知能情報学部 4年生 Hさんからのおすすめ本です。(KONAN ライブラリ サーティフィケイト)
書名 : きみの友だち
著者 : 重松清著
出版社:新潮文庫
出版年:2008年
友だちってなんなのだろう。答えはないのだろうが、分かったふりはしたくない。そんな時に出会ったのがこの本である。
この本は、小学生や中学生の8人の「きみ」が登場する。主人公が毎回変わり、様々な視点からの物語を読むことが出来る。しかし、すべて繋がっているような子供時代から大人までの複雑な人間関係を感じることが出来る。「独りぼっちは嫌だ」、「自分はここにいてもいいのだろうか」と、登場人物は皆何かしら悩みを抱えもがいている。

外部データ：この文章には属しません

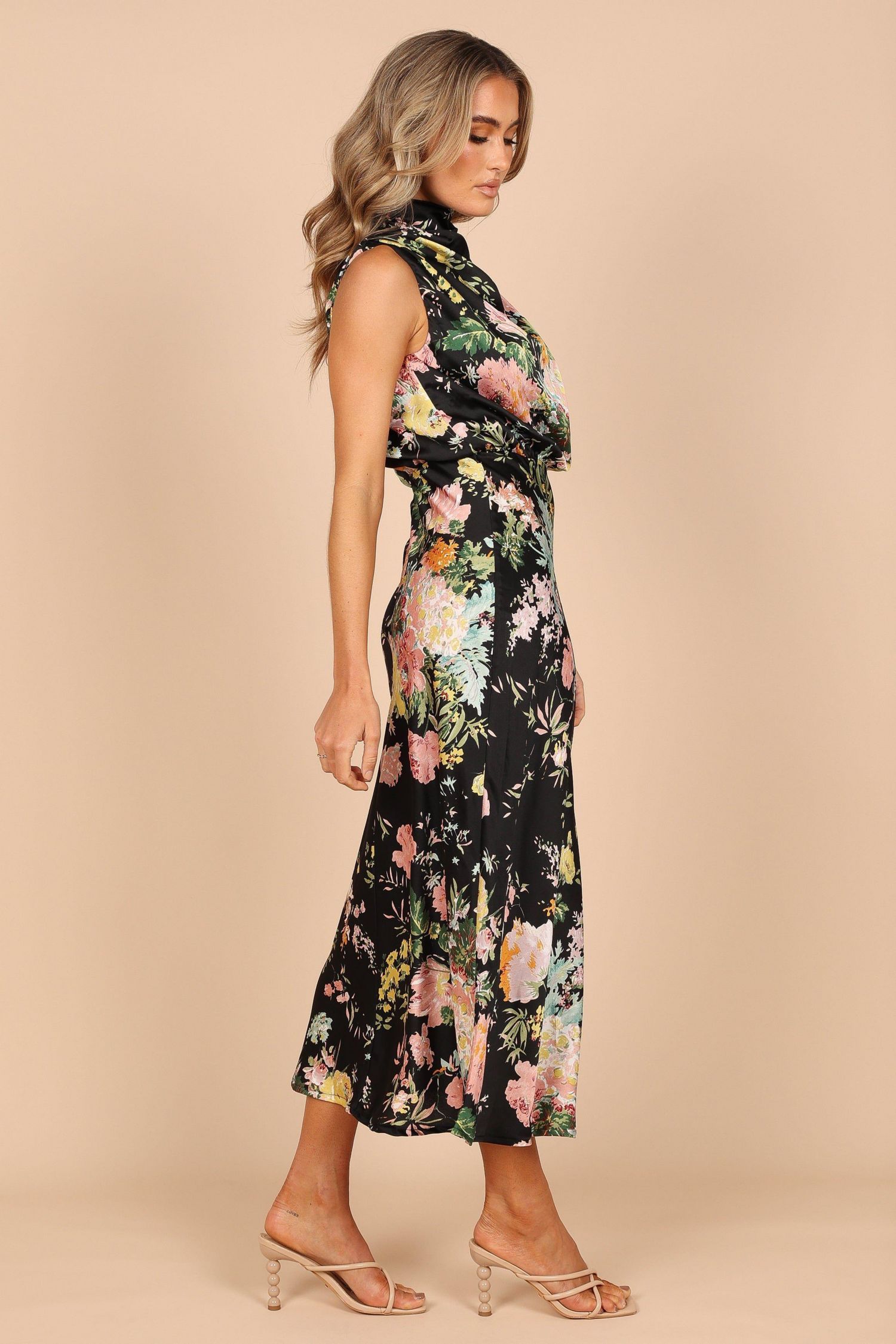 Womens Anabelle Halter Neck Midi Dress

本作は、全編を通じて恵美という女の子が中心にいます。小学4年生の時に事故で片足を不自由にし、以後松葉杖での生活を余儀なくされている。それ以来、人気者だった恵美は不愛想になってしまい、孤立してしまうが同じように孤立していた由香と一緒にいるようになる。由香は、病気がちで、少しトロく、ニブい女の子であった。

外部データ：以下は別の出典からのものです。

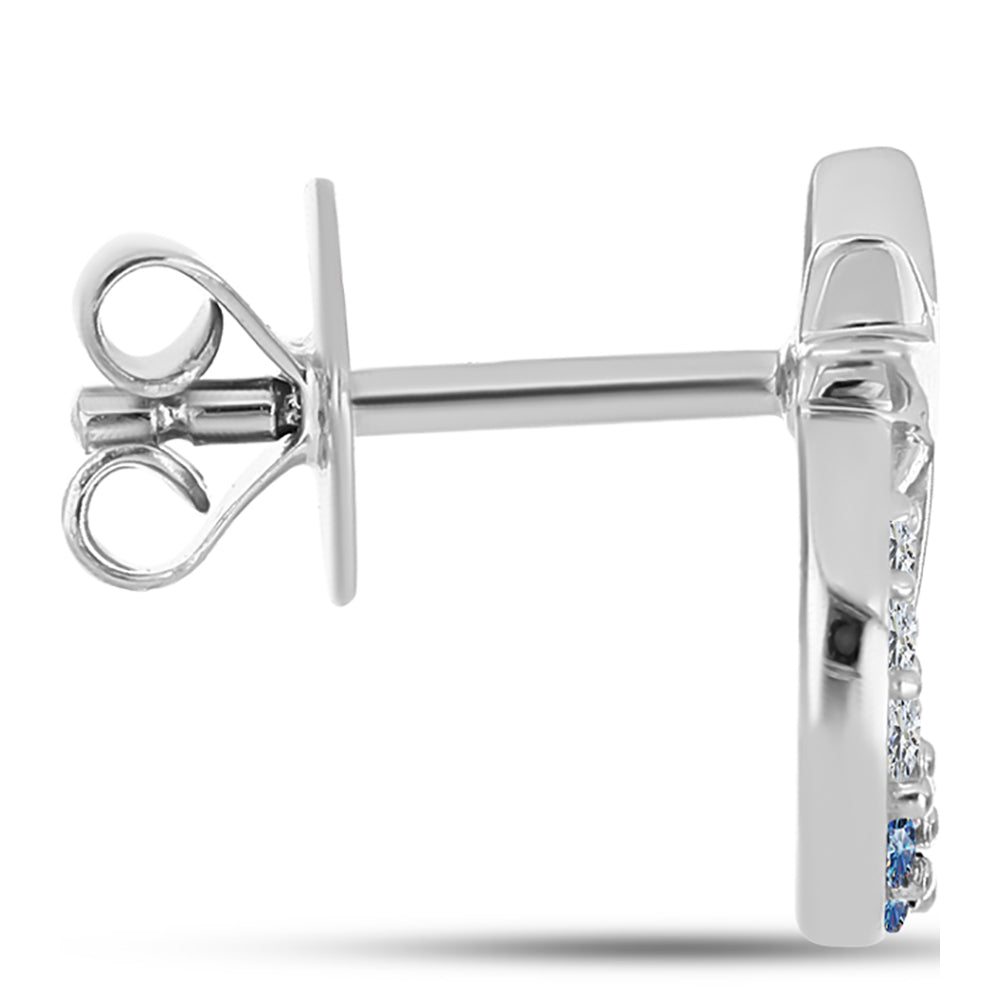 Silberohrringe mit Ozeanblauem Moissanit und weißem Topas 2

どの作品も、恵美か恵美の周囲の人間にスポットライトが当てられ物語が進んでいく。「友だち」との関係であれこれごたごたしている人々が、「みんな」を否定し、「友だち」である由香を大切にしようとする恵美と触れることで、何かしら変わっていく、というようなストーリーを「きみ」という二人称で描いている作品である。

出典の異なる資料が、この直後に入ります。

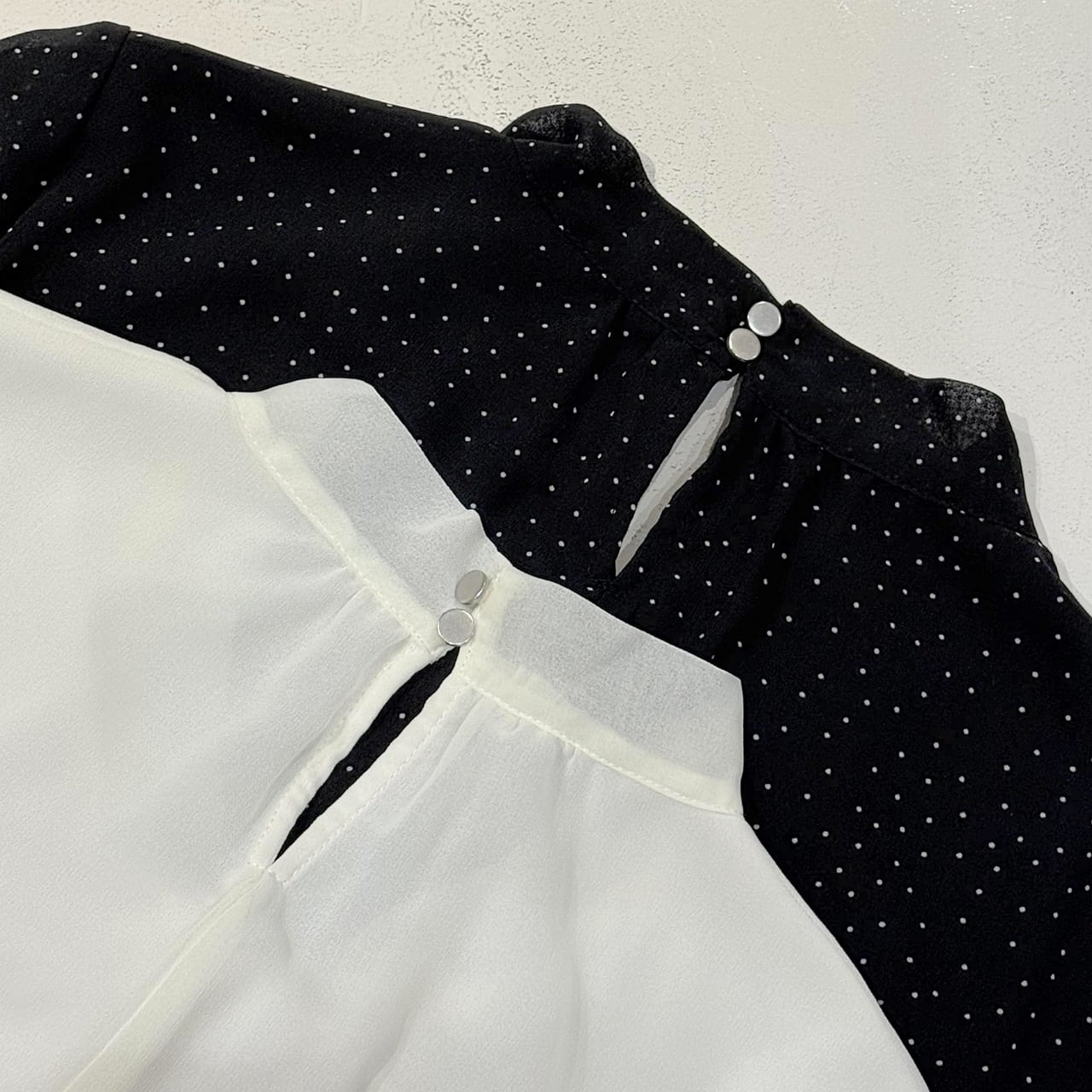 結びボウタイリブブラウス ホワイト Free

この作品は、学生だったことがあるすべての人に、等しく似たような経験があると言わせるような、学校の世界というのを完璧に描いているような気がした。恵美という人物を主軸とし、その周囲にいる「みんな」を否定できない人々ものにスポットライトを当てていく感じになる。そのように、「みんな」と「友だち」っていったい何なのだろうと考えさせられるような作品ではないかと感じた。そこに答えはなく、自分のなりの理解の仕方は持っていてもいいが、そこに至るヒントみたいなものを、本作が与えてくれるような気がする。